Las complicaciones de las várices en otros sitios incluyen:

– Sangrado: Especialmente en várices esofágicas o gástricas, que puede ser masivo y potencialmente mortal.

– Anemia: Debido a la pérdida crónica de sangre en casos de hemorroides o várices sangrantes.

– Dolor crónico: En várices pélvicas o vulvares, que afecta la calidad de vida.

– Infecciones: En casos de úlceras o heridas asociadas a hemorroides.

– Trombosis: Formación de coágulos en las várices, especialmente en várices pélvicas.

Prevención

La prevención de las várices en otros sitios incluye:

– Control de la hipertensión portal: En pacientes con enfermedades hepáticas, mediante tratamiento médico y seguimiento regular.

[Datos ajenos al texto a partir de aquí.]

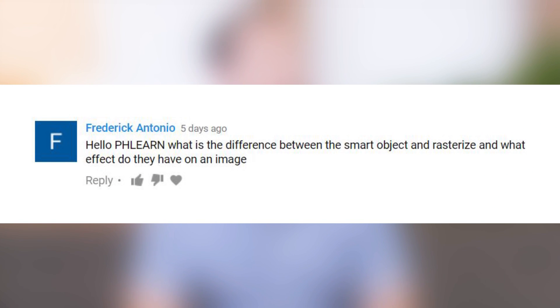Hello, FLIRN. Hello, Frederick. What's the difference between a smart object and a raster object? And what effect do they have on an image? I'm glad you asked. Smart objects are really incredible. Basically, a smart object creates a reference of a file. So instead of editing the file itself, you're creating a reference, which means it's non-destructive.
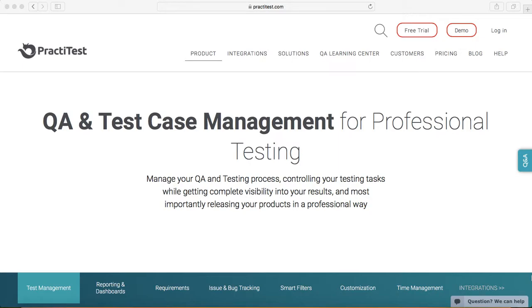PractiTest is a test management tool where you can manage your requirements, your test cases, plan your test cycles, execute your test cases, mark them pass or fail, and manage defects.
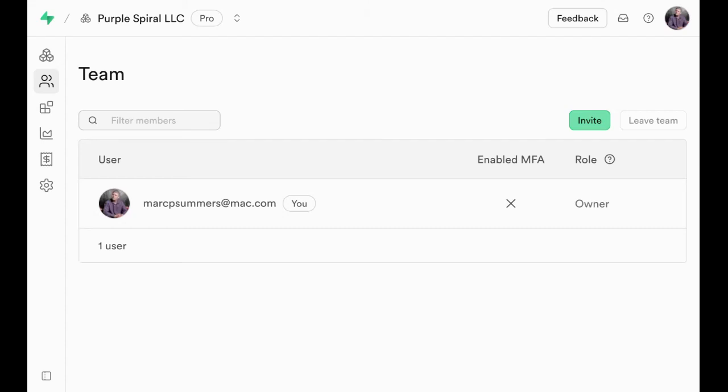We're going to explore how to give other people access to your Superbase account so they can help you with development, check data, or whatever might need to happen.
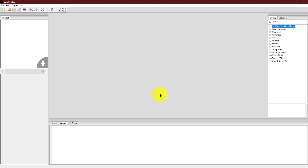Assalamu alaikum. Dear learners, I hope you are fine and doing great. In this video, I'm going to use the Open PLC editor to create a program using ladder logic diagram and describe how you can test the created program without the need for connecting your editor with the online server of the Open PLC and with any other physical hardware. So, let's get started right away.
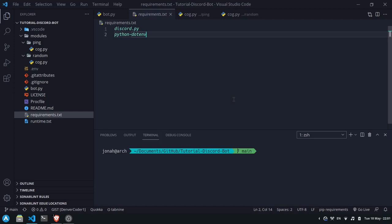If you're using Python you'd likely be using the pip package manager, for JavaScript you'd probably be using npm, for PHP you might use Composer, and there are many other package ecosystems you could be using.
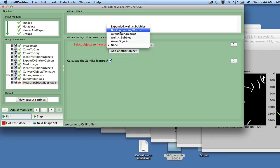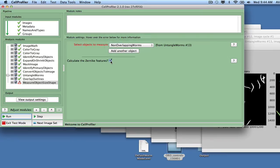We start by adding Measure Object Size Shape to the pipeline and measure from the non-overlapping worm objects. Be sure to deselect the Calculate Zernike Feature settings since these measurements are not relevant in this context and add computational time.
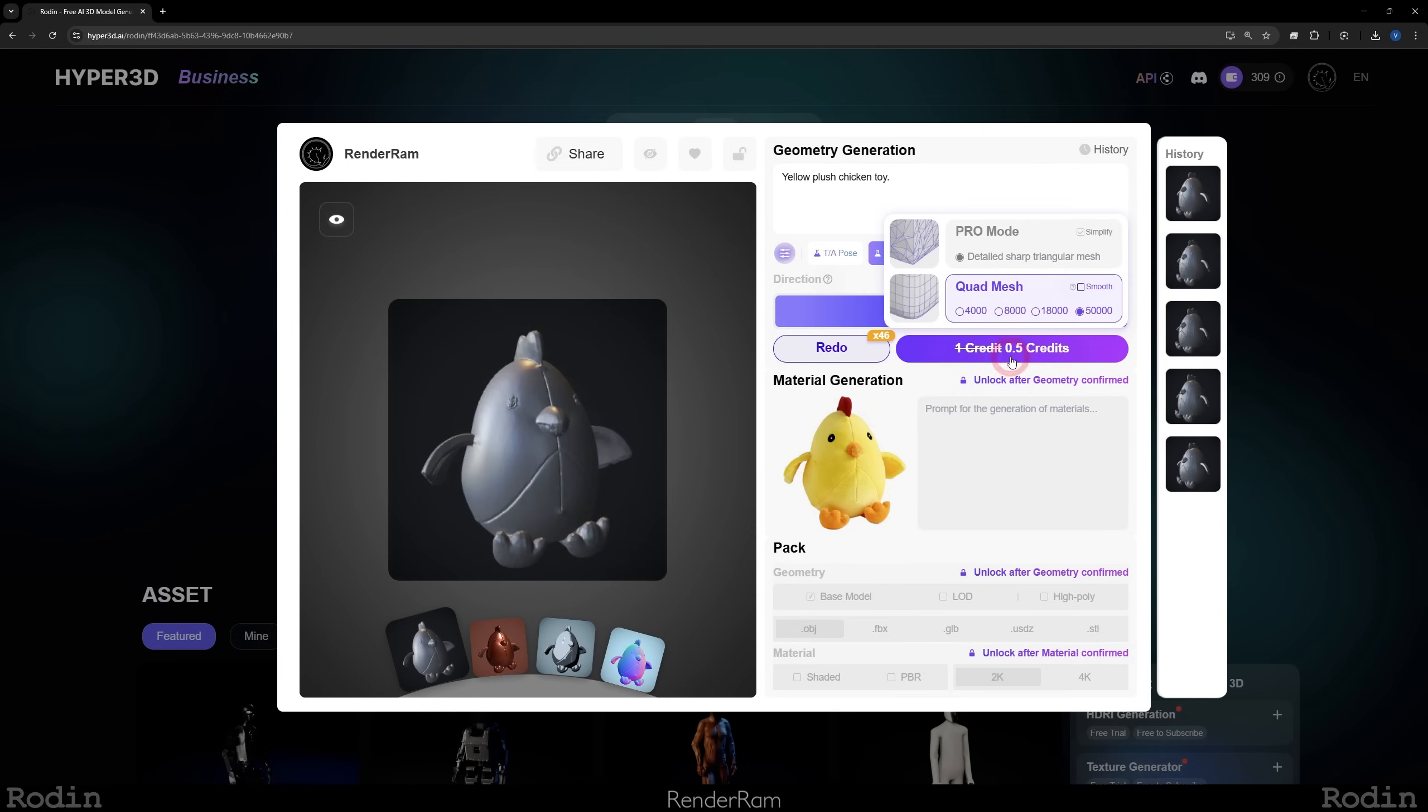When you hover over the confirm button, you can see that if you want to go to the pro mode or the quad mesh mode. Quad mesh mode is going to give you nice topology. Pro mode is this super triangulated mode, and why is it actually called pro mode? Because that's the raw data being exported from the AI. The quad mesh is pretty much the retopology, like automatic retopology done on the object.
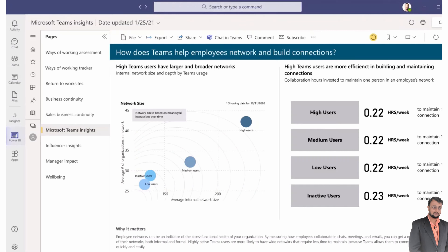That is how the entire Viva Insights experience looks. Hope you now have a clear idea of Viva Insights. In the next session we will be talking about the third Viva product, Viva Connections. If you have any questions, feel free to add them in the comments and don't forget to follow on all social media handles. See you in the next session with some amazing content — till then, have a great day!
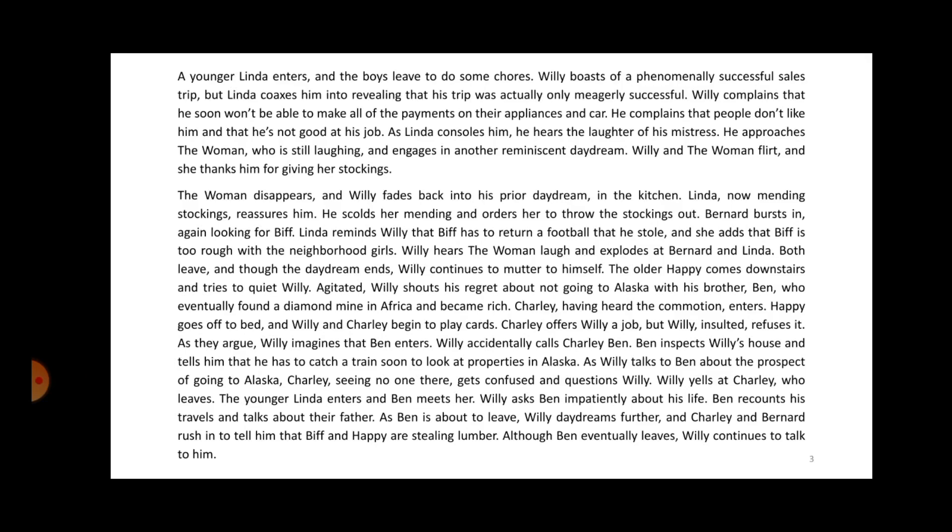As they argue, Willy imagines that Ben enters. Willy accidentally calls Charlie 'Ben.' Ben inspects Willy's house and tells him he has to catch a train to look at properties in Alaska. As Willy talks to Ben about going to Alaska, Charlie, seeing no one there, gets confused and questions Willy. Willy yells at Charlie, who leaves. The younger Linda enters and Ben meets her. Willy asks Ben about his life and Ben recounts his travels and talks about their father. As Ben is about to leave, Charlie and Bernard rush in to tell Willy that Biff and Happy are stealing lumber. Although Ben eventually leaves, Willy continues to talk to him.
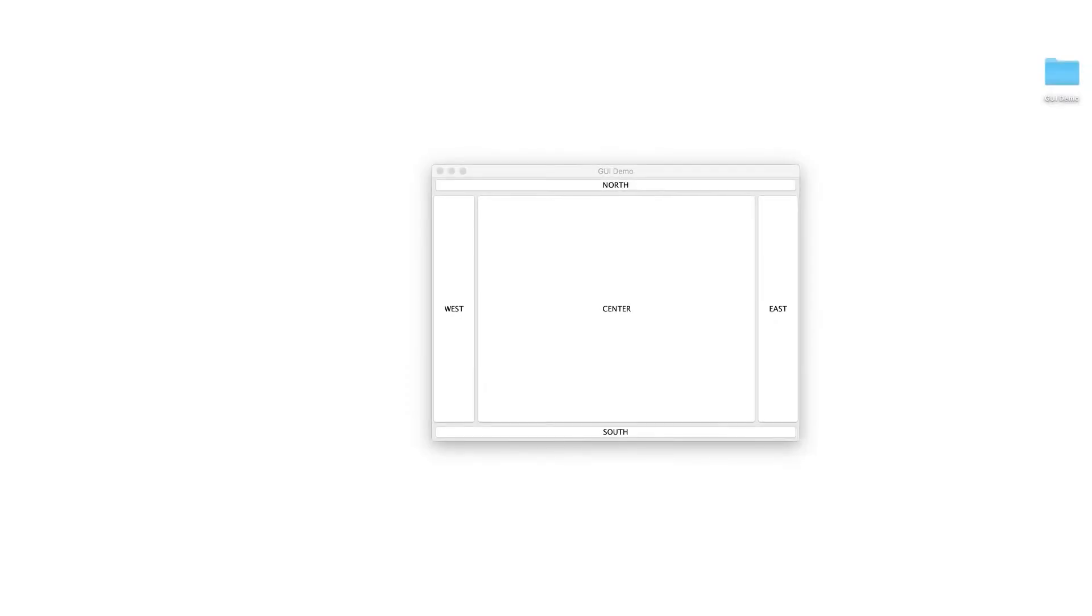In this video we are going to go back to the topic of layout managers and we are going to talk about the border layout.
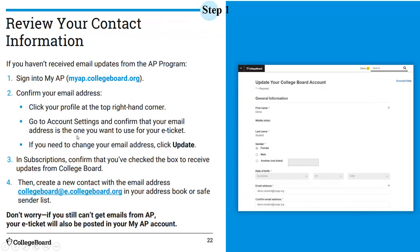For contact information: if you've been receiving emails and can run the demo, you should be good. If you're not getting emails, go to myap.collegeboard.org, check your email address, click update, and confirm you've checked the subscription box. If you're still not getting emails, your e-ticket should appear in your MyAP account two days before the test — this Saturday — and you should be able to access it from there.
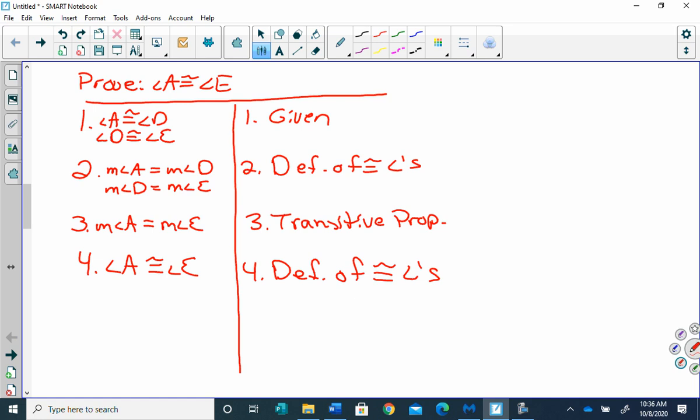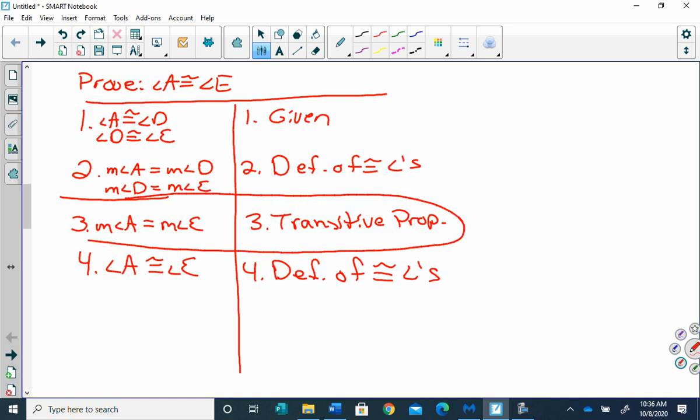We're going to use substitution and transitive a lot. Am I done? Not yet — I have one more step. Angle A is congruent to angle E. Why? How can we go from equal to congruent? Definition of congruent angles — because if the measures are equal, the angles are congruent. That's what the definition says. I really want you to understand that step, because we're going to use it a lot.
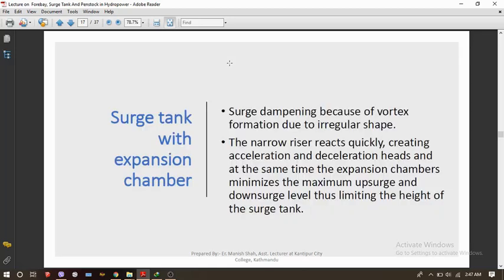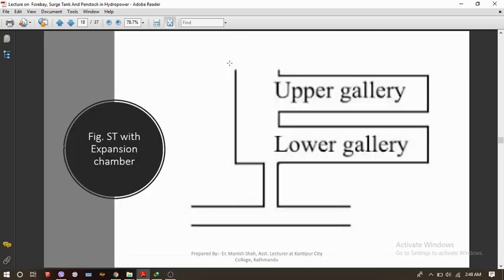In the surge tank with expansion chamber, a vortex is formed due to its irregular shape, which damps the surge level. The narrow riser quickly reacts, creating acceleration and deceleration effects, while the expansion chamber minimizes the maximum upsurge and downsurge levels, thus limiting the height of the surge tank. There are upper and lower galleries serving as expansion chambers, which manage the higher and lower surge levels when there is a change in pressure in the penstock pipe.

– Dieta rica en fibra: Para prevenir el estreñimiento y reducir el riesgo de hemorroides.

– Ejercicio regular: Para mejorar la circulación y reducir la presión venosa.

– Evitar el sobrepeso: Mantener un peso saludable para reducir la presión sobre las venas.

– Uso de medias de compresión: En casos de várices vulvares o pélvicas durante el embarazo.

Conclusión Las várices de otros sitios se refieren a dilataciones venosas en regiones distintas a las extremidades inferiores o el plexo hemorroidal, como la región vulvar, testicular (varicocele) o en sitios poco frecuentes. Pueden producir dolor, edema y molestias estéticas. El diagnóstico se realiza mediante exploración física y ecografía Doppler. El tratamiento abarca desde el uso de compresión elástica y cambios en el estilo de vida hasta la escleroterapia o cirugía en casos sintomáticos.

Fuente: Gloviczki P, et al. (2011). "Varicose veins: diagnosis and management" en Journal of Vascular Surgery.
Criado E (2013). "Uncommon varicose veins" en Seminars in Vascular Surgery.